**** Entries supplied

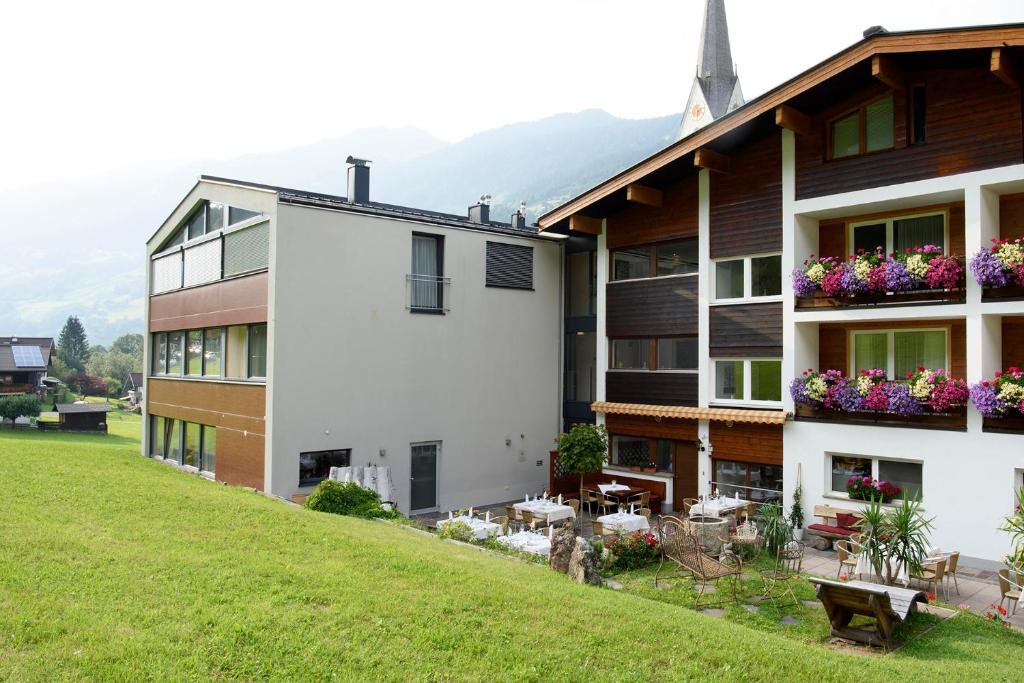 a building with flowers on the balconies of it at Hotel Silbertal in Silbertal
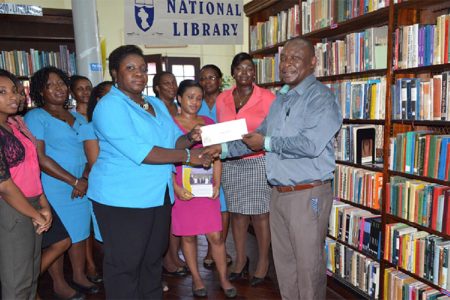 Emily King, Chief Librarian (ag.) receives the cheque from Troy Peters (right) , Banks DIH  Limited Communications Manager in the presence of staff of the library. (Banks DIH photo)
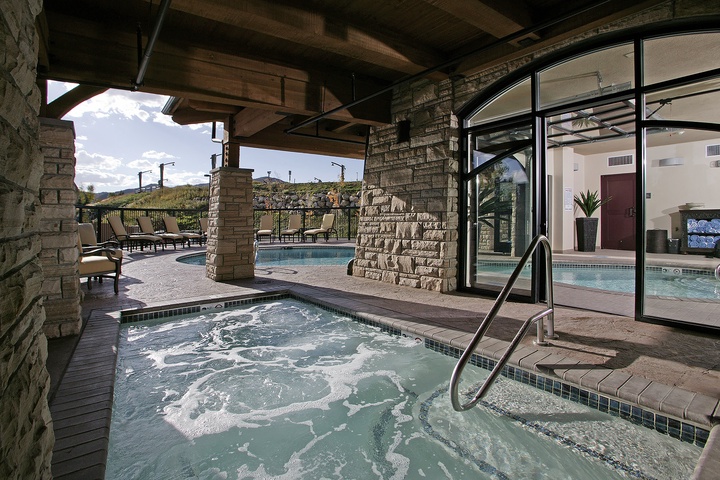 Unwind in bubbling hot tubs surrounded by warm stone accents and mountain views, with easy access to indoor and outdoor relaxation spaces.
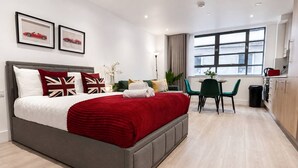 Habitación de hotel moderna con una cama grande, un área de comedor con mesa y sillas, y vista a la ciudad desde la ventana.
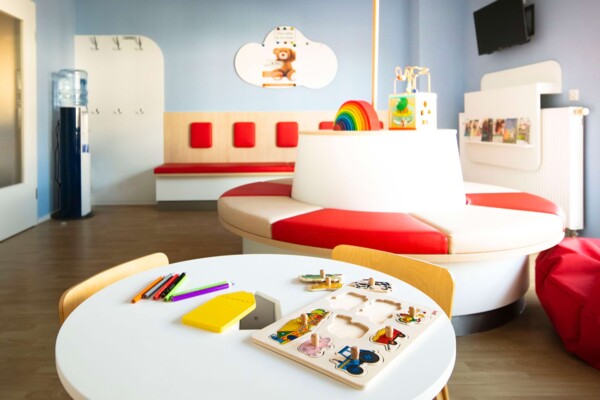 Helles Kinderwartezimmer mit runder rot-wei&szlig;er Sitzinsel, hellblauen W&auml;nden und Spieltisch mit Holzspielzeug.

********

** Your instructions **
Print, exactly, each line above from the one with "Unwind in bubbling" to the one with "Habitación de hotel", end lines included. Leave pictures out of it.

** Solution to the problem **
 Unwind in bubbling hot tubs surrounded by warm stone accents and mountain views, with easy access to indoor and outdoor relaxation spaces.
 Habitación de hotel moderna con una cama grande, un área de comedor con mesa y sillas, y vista a la ciudad desde la ventana.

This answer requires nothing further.